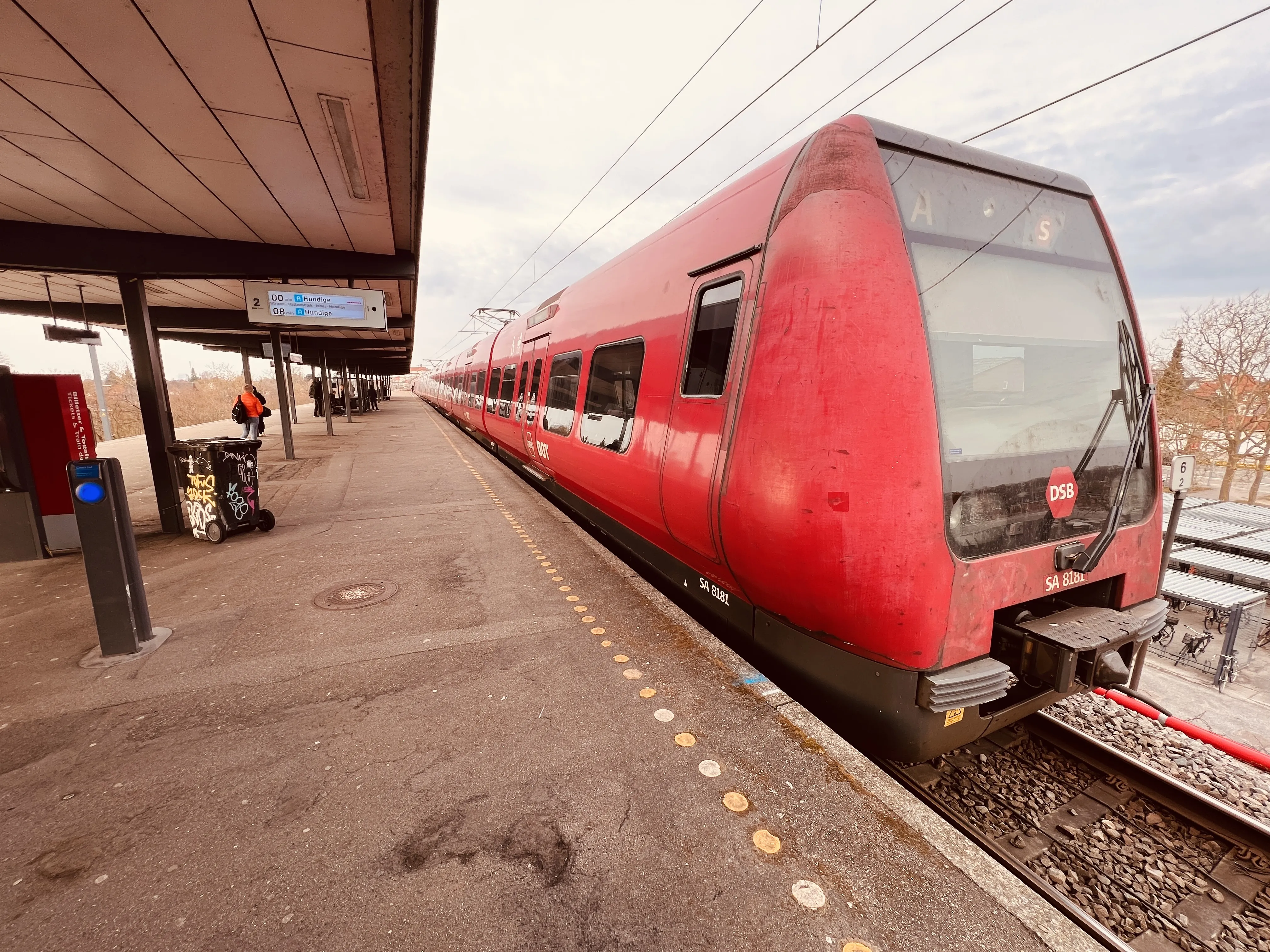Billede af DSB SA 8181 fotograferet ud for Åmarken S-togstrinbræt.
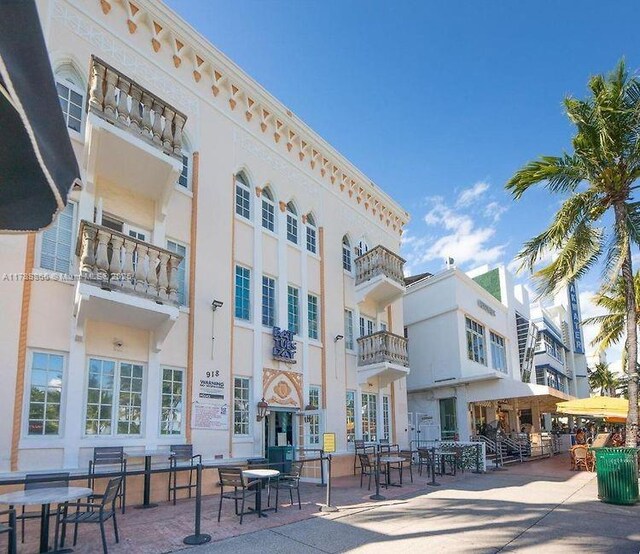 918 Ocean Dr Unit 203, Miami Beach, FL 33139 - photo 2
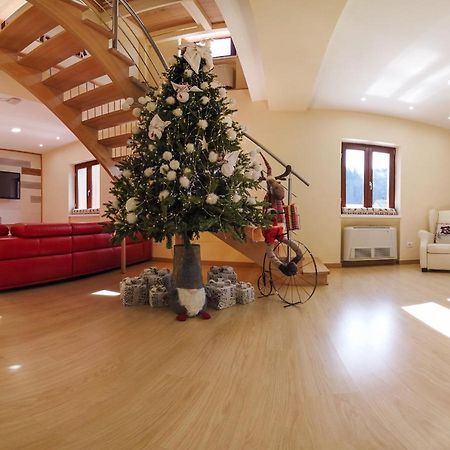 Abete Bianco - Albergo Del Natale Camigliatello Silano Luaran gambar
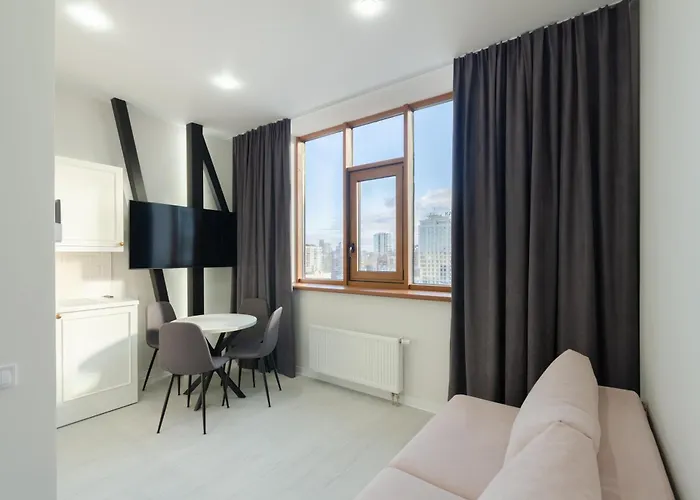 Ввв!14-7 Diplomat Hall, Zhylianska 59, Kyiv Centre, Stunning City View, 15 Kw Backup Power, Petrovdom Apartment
----
» **What you need to do**:
In the answer, retype exactly and only the lines from the one holding "918 Ocean Dr" through the end of the listing, keeping both ends and dropping every picture.

» **Task result**:
 918 Ocean Dr Unit 203, Miami Beach, FL 33139 - photo 2
 Abete Bianco - Albergo Del Natale Camigliatello Silano Luaran gambar
 Ввв!14-7 Diplomat Hall, Zhylianska 59, Kyiv Centre, Stunning City View, 15 Kw Backup Power, Petrovdom Apartment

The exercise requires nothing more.